How Trolleys Helped Ballston’s Development

Published August 31, 2017

In following our other blog posts on how salvaged pieces from The Blue Goose were used to create markers placed along the side of the Marymount’s new building, we are again covering some interesting history of Ballston. Did you know that the competition from trolleys helped further develop Ballston?

Another sign posted along the path beside Marymount University is one titled “Trolleys Come to Ballston.”

This sign reads:

“Trolleys Come to Ballston

The Washington, Arlington & Falls Church Railway (WA&FC) established an interurban electric trolley along the present route of Fairfax Drive in 1896. The WA&FC’s Fairfax trolley line ran through this site to Clarendon (about one mile to the east), where it branched to serve both Rosslyn and downtown Washington, D.C. This site gained prominence in 1911, when the WA&FC built a compound here containing the Lacey rail yard, an electrical substation and a building that housed a car barn, the company’s general offices, and a repair shop.
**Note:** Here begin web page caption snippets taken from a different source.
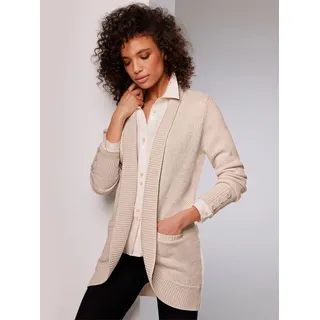 CREATION L Longstrickjacke in elfenbein-ecru-meliert | Gr.: 46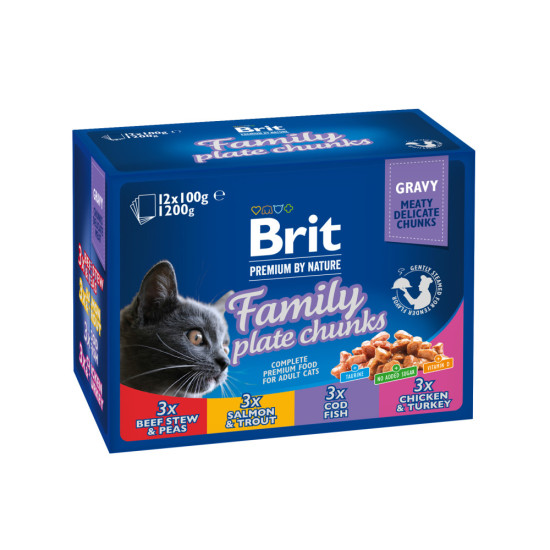 Набір вологого корму для котів Brit Premium Cat Family Plate pouches 100г х 12шт. (асорті з 4 смаків «Сімейна тарілка»)
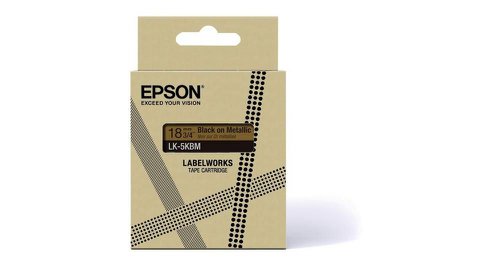 Epson Lk 5kbm Black On Metallic Gold Tape Cartridge 18mm C53s672093 Fusion Office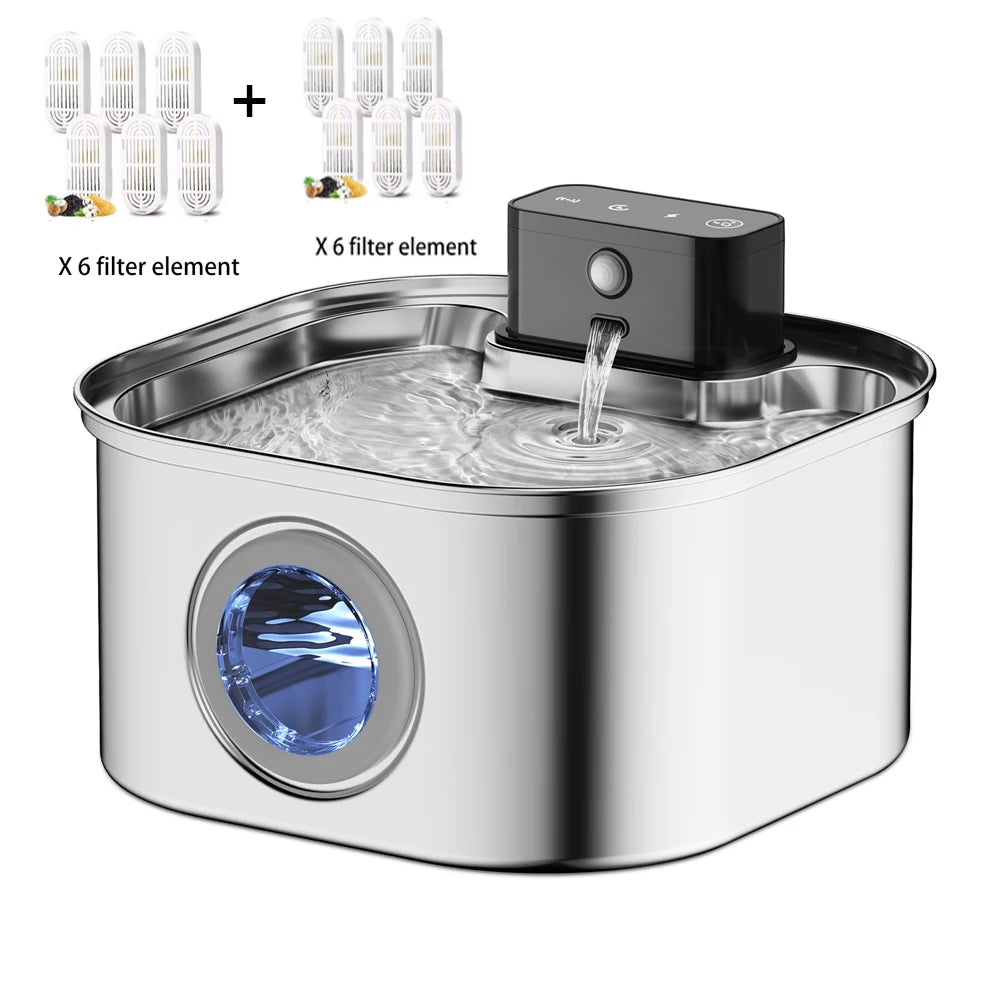 3L 5V Rechargable Automatic Stainless Steel Dogs Water Fountain 4000mAh Wireless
In 1912, the Washington and Old Dominion Railway, a competing interurban electric trolley company, constructed a branch that connected Georgetown, Rosslyn, Ballston, Falls Church, Vienna, Leesburg and Loudoun County. This line crossed the west end of Ballston near this site and further encouraged Ballston’s development and other communities along its route. Despite early success, the trolleys in Northern Virginia were unable to survive competition with each other and the automobile, and ceased operations in the 1930s and 1940s.”

We encourage you to stop by Marymount’s new campus at 1000 Glebe Road, Arlington, Virginia to see the new signs as well as Ballston’s most recent additions.